Task prompt:
Print, word for word, the line containing "早い者勝ち ドゴン コンパクト" and all lines beneath it to the end of the entries below. Pictures do not belong in the copy.

------ Source material ------

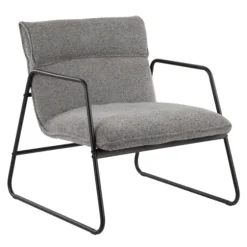 Axel Noise Industrial Accent Chair-Kirkland's Home Cheap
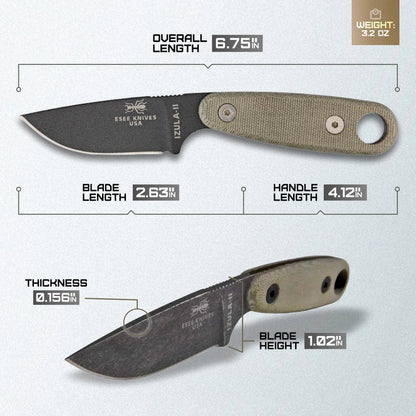 ESEE Izula II Tactical IZULA-II-TG
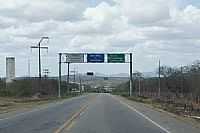 Aracoiaba - Entrada da cidade de Aracoiaba-CE-Foto:andre pimentel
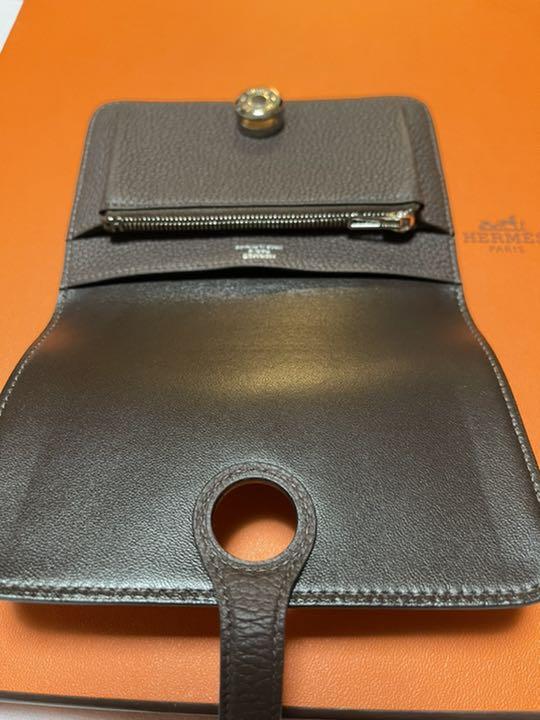 早い者勝ち ドゴン コンパクト 財布 COFcv-m97198454789 エルメス 美品 お得HOT
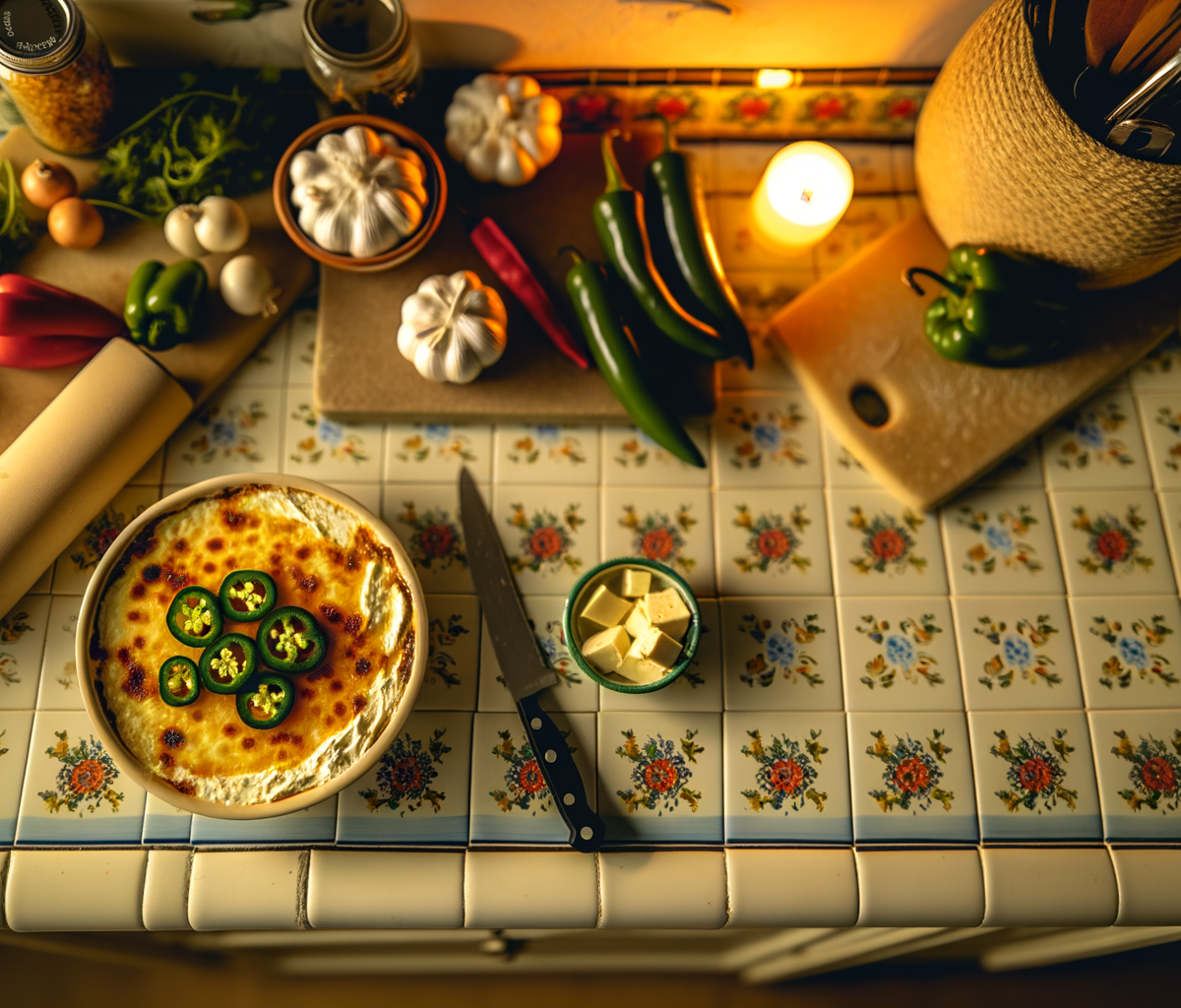 Jalapeño Cream Cheese Dip: The Ultimate Party Appetizer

------

Result of this task:
 早い者勝ち ドゴン コンパクト 財布 COFcv-m97198454789 エルメス 美品 お得HOT
 Jalapeño Cream Cheese Dip: The Ultimate Party Appetizer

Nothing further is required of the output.